WORK REQUEST :: Produce a verbatim copy of the following records, leaving out all pictures.

══════════

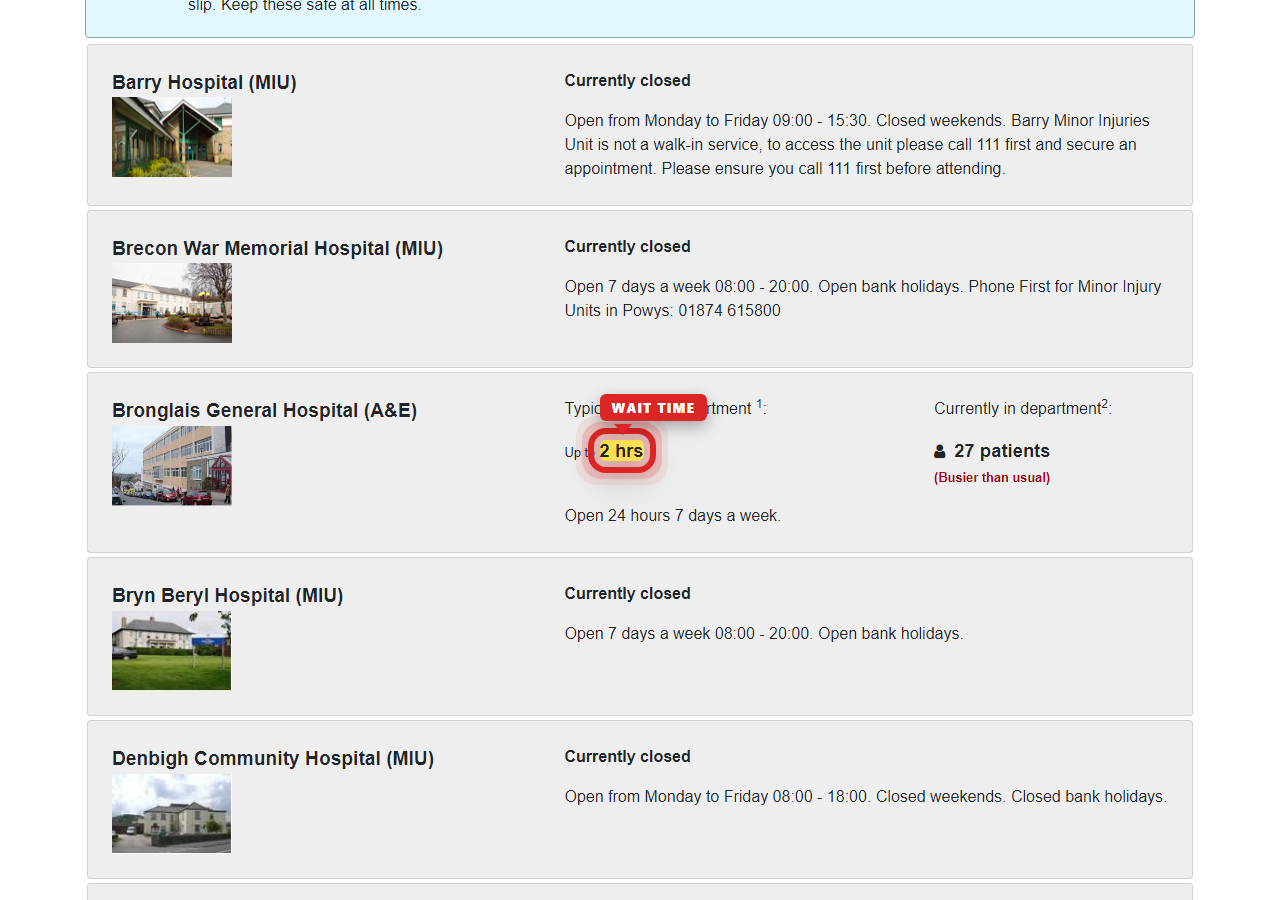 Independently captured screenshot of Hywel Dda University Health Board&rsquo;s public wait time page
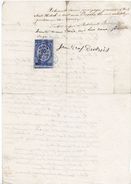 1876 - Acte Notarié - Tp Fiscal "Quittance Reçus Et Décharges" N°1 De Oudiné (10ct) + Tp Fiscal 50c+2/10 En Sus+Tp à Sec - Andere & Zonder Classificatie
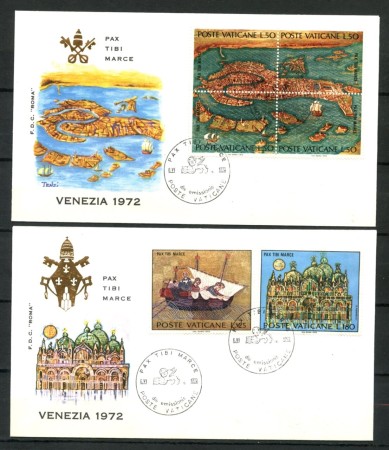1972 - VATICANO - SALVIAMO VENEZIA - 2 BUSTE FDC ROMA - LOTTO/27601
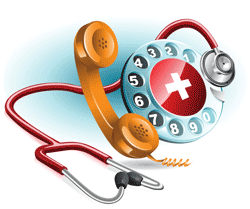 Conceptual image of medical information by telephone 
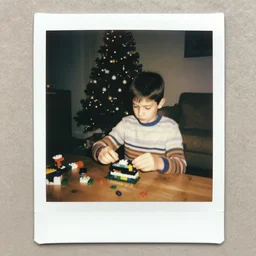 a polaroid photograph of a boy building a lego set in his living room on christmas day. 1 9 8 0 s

══════════

RESPONSE TO THE TASK ::
 Independently captured screenshot of Hywel Dda University Health Board&rsquo;s public wait time page
 1876 - Acte Notarié - Tp Fiscal "Quittance Reçus Et Décharges" N°1 De Oudiné (10ct) + Tp Fiscal 50c+2/10 En Sus+Tp à Sec - Andere & Zonder Classificatie
1972 - VATICANO - SALVIAMO VENEZIA - 2 BUSTE FDC ROMA - LOTTO/27601
 Conceptual image of medical information by telephone 
 a polaroid photograph of a boy building a lego set in his living room on christmas day. 1 9 8 0 s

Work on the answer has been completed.